In the current study, participants might expect the forthcoming pendulum due to it was released while the instruction but not actually impacted at the shoulder level in the without perturbation condition. Bilateral segments showed the same muscle activation patterns in the without and with perturbation conditions and acted as the early postural adjustment to the external-lateral perturbation32,37. Once participants were aware that the trial was without the perturbation, the C values of all segments were significantly smaller compared to the with perturbation condition. The muscle activities in the without perturbation condition represented their performance for step initiation and differences between two conditions indicated additional muscle activities for handling the external-lateral perturbation. The current outcomes supported the first hypothesis that the CNS increased corresponding muscle activities with cocontraction in the APA and CPA phase in relation to the predictable and asymmetrical perturbation13,14.
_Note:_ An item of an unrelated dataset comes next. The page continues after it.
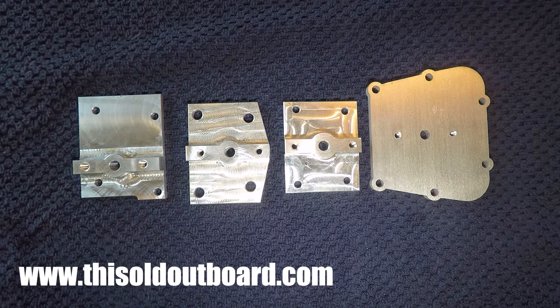Hey guys, welcome back. I custom machined these plates that replace the bypass covers on your vintage Johnson Evinrude motors.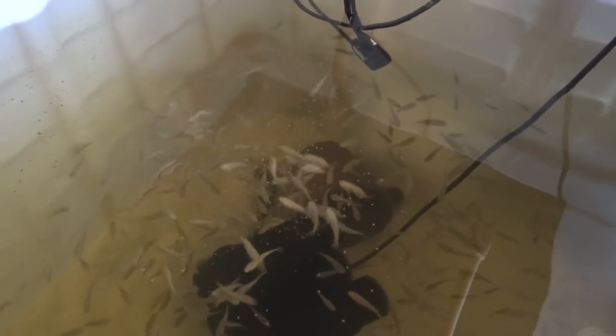These guys in here are just a month or two old — all babies from one female. These bigger guys are breeder size. They're probably six to eight inches. I'm going to wait until they get to be about nine inches before eating them.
Effects of landing orientation

There was a significant difference in onset of COP and pelvic movement between the forward and diagonal conditions, except COP in the ML direction. After initiating the COP displacement on the swing leg, COP shifted further lateral on the swing leg when intending to land the step diagonally. It was not only reflected by the position of COPML1 (Fig. 3) but also the magnitude of COPML1-distance. It was comparable with the ML displacement of the S1 period1 with a shorter distance while COP reached to the first posterolateral point faster in the diagonal condition. Meanwhile, the shank and trunk segments showed less co-contraction in the diagonal condition. Together this may indicate that the CNS require more time to prepare COP movement and reduce muscle contractions for step landing diagonally. It was supported by the fact that young adults showed further ML COP displacement on the swing leg and finally making a quick step38 as well as the larger step widths observed when balance is challenged by external perturbations39. Foot placement controllability in pathological gait40 might also explain that difficulties of diagonal step initiation during the postural phase in Parkinson’s disease41,42.

Conclusions

In step initiation, the sequence of temporal events is from standing, COP shifts in ML direction to determine the swing and stance legs, and moves backward then following with pelvic movement. This sequence is consistent with the step side as well as landing orientation and not compromised by external perturbations. Instead, the COP distance and muscle co-contraction levels of segments were adjusted according to the appearance of perturbations and landing orientation to enhance postural stability. Control of step initiation through muscle coordination and foot placement might be benefits to individuals with gait stability difficulties and provide different approaches for developing rehabilitation programs.